The end result is that the only people we allow to be leaders are milquetoast, authority-loving, angels who've never experimented in their lives.
This kind of this destroys culture. And the solution is to stop taking these small highly vocal mobs so serious and look at what they are. New idealistic well-intentioned Puritans 2.0.
We need to embrace the chaos and let people get offended again, and move on with our lives, because it really isn't that bad. It's not the way we reach progress.
If you want progress them embrace experimentation of all kinds, not some overton window with an ever growing list of things that are not okay. Or reevaluating the great people in history as if they grew up in the 1990s/early 2000s.
History is littered with mistakes but it's also full of great moments and experimentation and progress. The more we shut down this chaos every time we get offended the less great culture we'll get out of it.
If in the 1700s+ free speech had a clause where no one can get offended ever we'd live in the most boring and backwards world imaginable. The pseudo-progressives are attacking the very freedoms that allows progress to exist. And we need people will balls again to set up and push back. Because we aren't getting it from our university administrators trying to protector their jobs or from corporate pro-diversity divisions that are trying to keep up with culture, so you keep buy their products.

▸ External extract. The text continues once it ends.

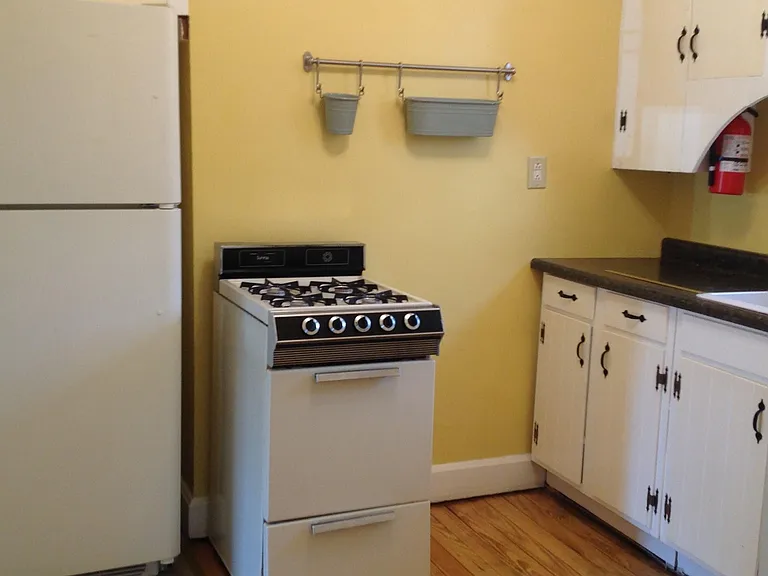 82 W Carpenter St #A — Photo 2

Top-down control of what is and what is not okay from culture is not that solution, period. Not doing that has allowed culture to flourish in the free democratic western states for decades and we're moving backwards, always with the best intentions, but too quickly to realize the side-effects and massive downsides of doing so.

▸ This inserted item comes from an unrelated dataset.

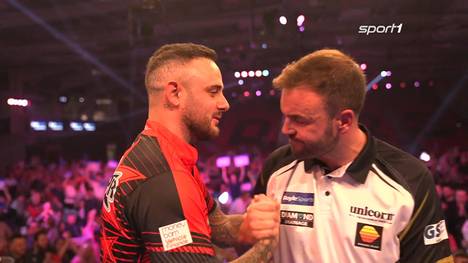 Joe Cullen bezwingt Ross Smith 3:1 nach Sätzen in einem Match, das von 180s geprägt war. Somit setzt sich Cullen im Duell der beiden Engländer nach einer starken Leistung durch und steht im Viertelfinale des Darts World Grand Prix.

Every society has different mores and customs, traditions shift over time, and a lot of hand-wringing over PC ends up as tiresome as those who would militantly push PC, cluttering up discussions that have little to nothing to do with these cultural squabbles.
The even weirder thing is it's finding a reception among weak-willed administrators at various institutions who capitulate under the slightest provocation from these small groups of highly vocal outage mobs (largely because these groups have gotten really good at stirring up controversy, and the low-budget modern internet media is perpetually looking for controversy, legitimate or not).
But if you did a survey of the general population (or the institution's actual customers) instead of just listening to these small mobs you'd find that it really isn't that big of a deal to the vast majority of people. The average person understands context and intent - assuming they heard the original source, not the filtered down unfunny reinterpretations that make the rounds.
I was listening to a "best of Jeff Ross" on Youtube recently and all I could think of was that if any of his stuff had been filtered through these cancel culture people over the last few decades he'd basically be considered the devil instead of one of the funniest people in comedy.
I fear for the future of culture, especially comedy, which thrives in a sort of experimental unfiltered chaos. Maybe it will have to live on in the underground like Samizdat in the Soviet Union.